Description of the task
Quote the whole listing exactly. Leave the pictures out of your copy.
::::::::::
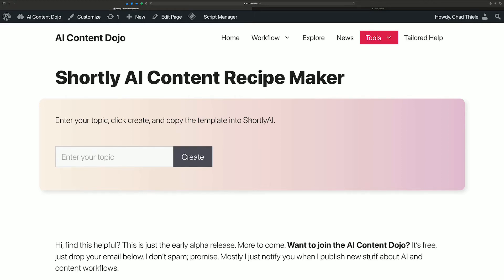Hey there, Chad here for the AI Content Dojo, and I have something kind of cool to show you. I just programmed this thing that will speed up your content creation inside of Shortly. It's not really all that special, but it is kind of a jumpstart.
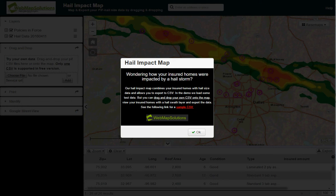One thing I wanted to point out is we actually have a sample CSV available. If you want to drag and drop your own data onto this map, you'll need to follow the format of this sample CSV. I'd encourage you to download that and look at that format.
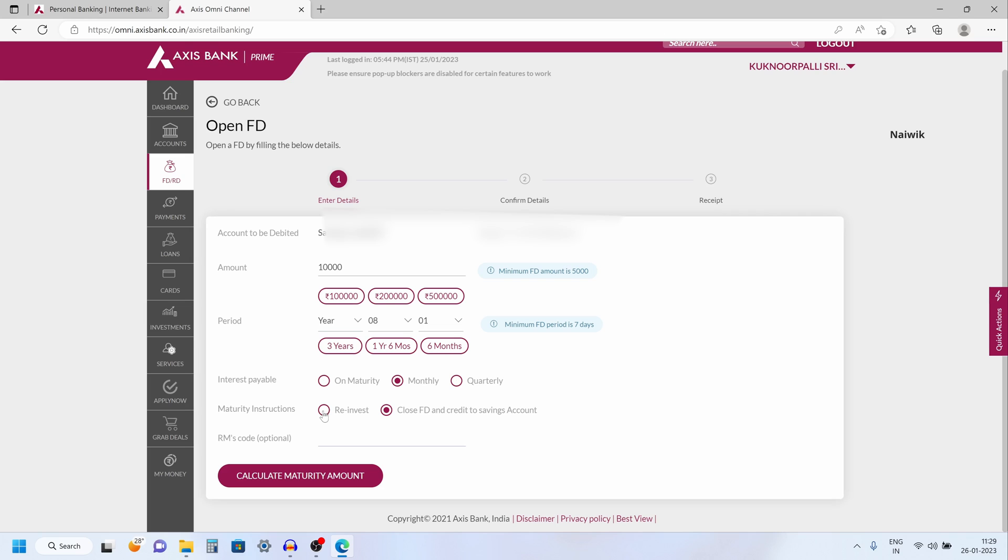If you want to reinvest after the period you can simply select this option reinvest. Otherwise, if you want to close the fixed deposit after the duration you can simply select this option close FD and credit to savings account and after that click on calculate maturity amount.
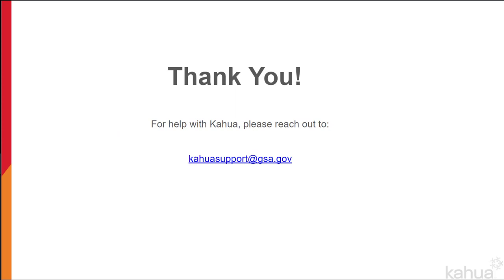This concludes the downloading and installation of the Kahua application from LaunchKahuaFN.com video. Thank you for attending. If you need assistance with Kahua, please reach out to KahuaSupport at GSA.gov.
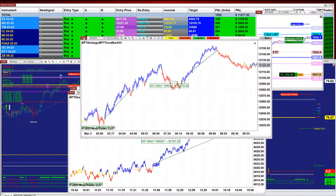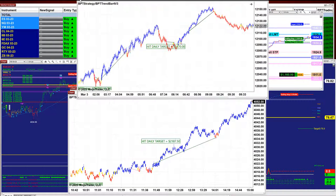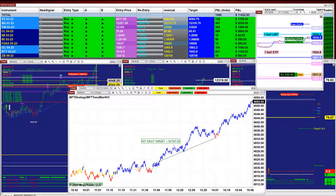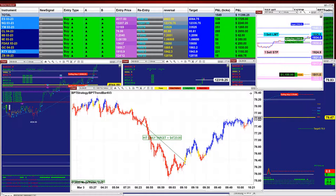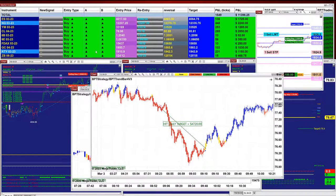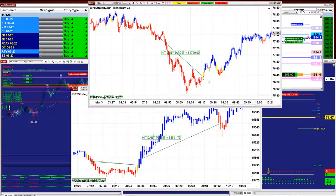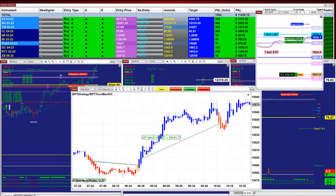300 ticks, 200 ticks on the Nasdaq. On the ES 6-range we did 2100. On the 600-tick CL, 4700 — it finished at 9 o'clock, we started around 8:30, half an hour in the trade.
::::::::::
Answer box
Hey there, Chad here for the AI Content Dojo, and I have something kind of cool to show you. I just programmed this thing that will speed up your content creation inside of Shortly. It's not really all that special, but it is kind of a jumpstart.
One thing I wanted to point out is we actually have a sample CSV available. If you want to drag and drop your own data onto this map, you'll need to follow the format of this sample CSV. I'd encourage you to download that and look at that format.
If you want to reinvest after the period you can simply select this option reinvest. Otherwise, if you want to close the fixed deposit after the duration you can simply select this option close FD and credit to savings account and after that click on calculate maturity amount.
This concludes the downloading and installation of the Kahua application from LaunchKahuaFN.com video. Thank you for attending. If you need assistance with Kahua, please reach out to KahuaSupport at GSA.gov.
300 ticks, 200 ticks on the Nasdaq. On the ES 6-range we did 2100. On the 600-tick CL, 4700 — it finished at 9 o'clock, we started around 8:30, half an hour in the trade.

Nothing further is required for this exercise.